------ SUPPLIED INFORMATION ------

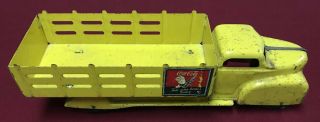 Vintage 1940s Yellow Marx Coca - Cola Sprite Boy Pressed Steel Delivery Truck Toy
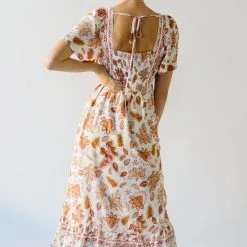 Piper & Scoot The Echo Square Neck Midi Dress In Sunset Multi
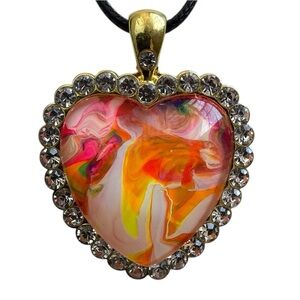 Handmade Heart Pendant Necklace Pink Orange Fluid Art Crystal Gold Tone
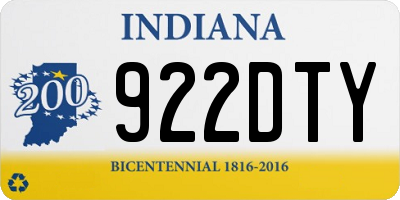 IN license plate 922DTY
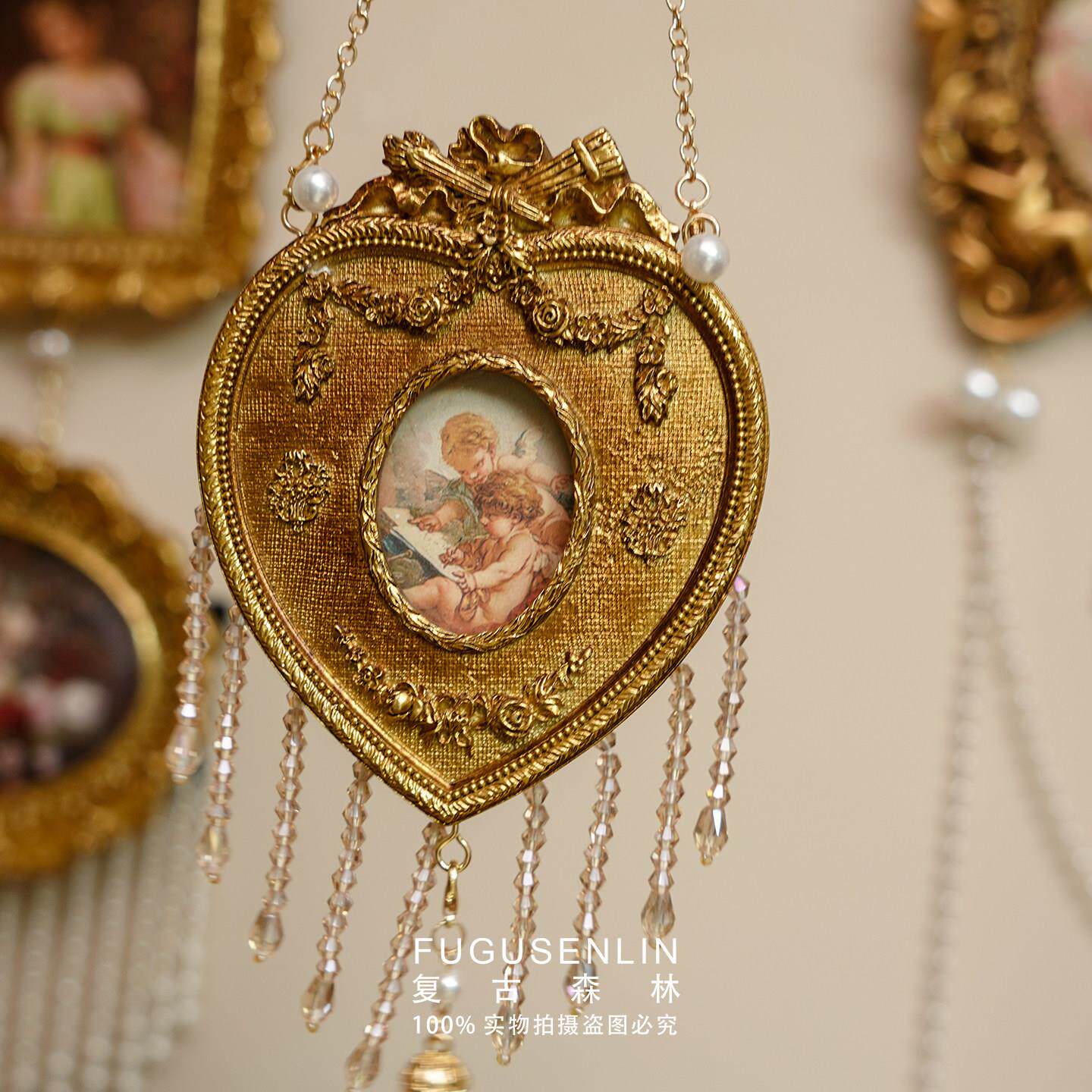 覆古森林心形浮雕树脂欧式迷你相框珍珠流苏手作画 画框摆件雕花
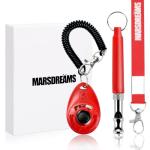 MARSDREAMS Pet Training Clicker, Whistle -Training Behaviour Aids Accessories for Puppies with Lanyard - Barking Control Device - Long Range Adjustable Frequency, Pack of 3 Red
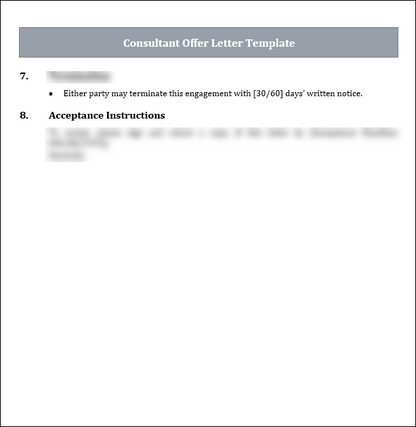 Consultant Offer Letter Template Free Download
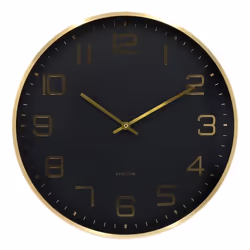 Karlsson Elegance Glow, Mur, Horloge numérique, Rond, Noir, Or, Aluminium, Batterie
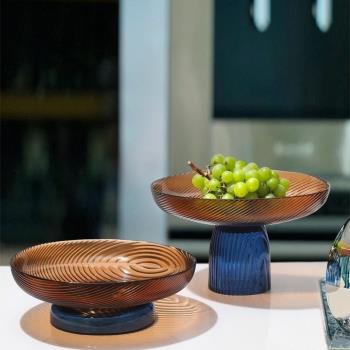 彩色高腳玻璃果盤擺件現代輕奢家用客廳茶幾餐桌零食水果盤裝飾品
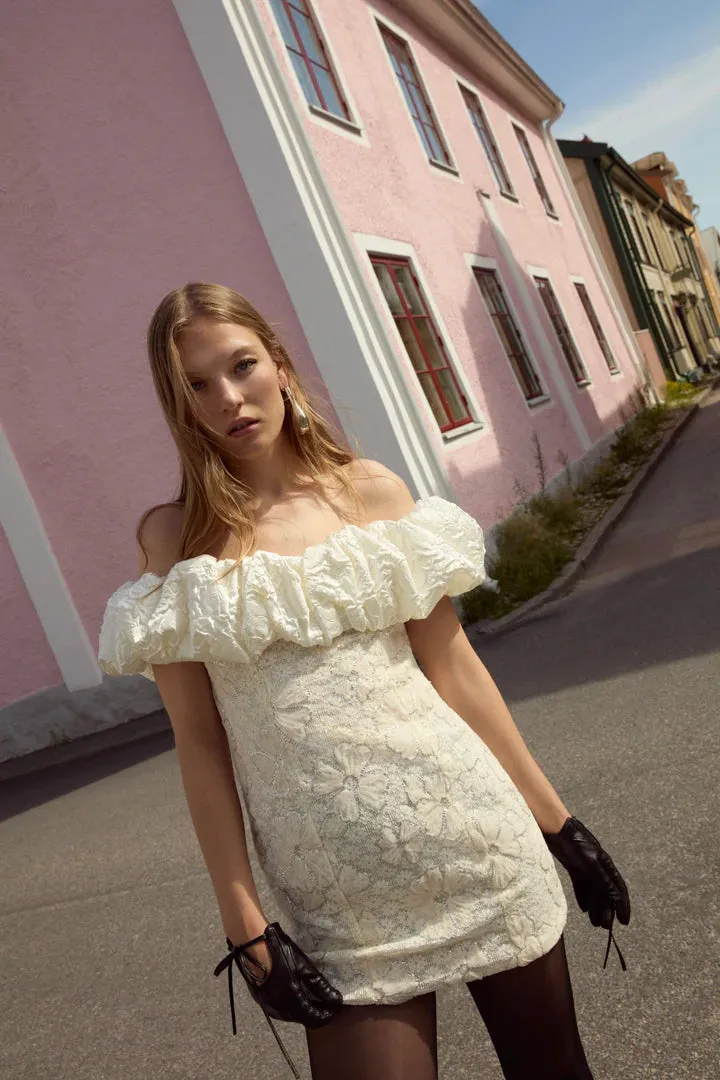For Love & Lemons Snowflake Daisy Satin Mini Dress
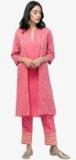 Truebrowns Pink Solid Kurta With Trouser & Without Dupatta women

------

EXERCISE: Leave the pictures out and restate the listing word for word.

RESULT:
 Vintage 1940s Yellow Marx Coca - Cola Sprite Boy Pressed Steel Delivery Truck Toy
 Piper & Scoot The Echo Square Neck Midi Dress In Sunset Multi
 Handmade Heart Pendant Necklace Pink Orange Fluid Art Crystal Gold Tone
 IN license plate 922DTY
 覆古森林心形浮雕树脂欧式迷你相框珍珠流苏手作画 画框摆件雕花
 MARSDREAMS Pet Training Clicker, Whistle -Training Behaviour Aids Accessories for Puppies with Lanyard - Barking Control Device - Long Range Adjustable Frequency, Pack of 3 Red
 Consultant Offer Letter Template Free Download
 Karlsson Elegance Glow, Mur, Horloge numérique, Rond, Noir, Or, Aluminium, Batterie
 彩色高腳玻璃果盤擺件現代輕奢家用客廳茶幾餐桌零食水果盤裝飾品
For Love & Lemons Snowflake Daisy Satin Mini Dress
 Truebrowns Pink Solid Kurta With Trouser & Without Dupatta women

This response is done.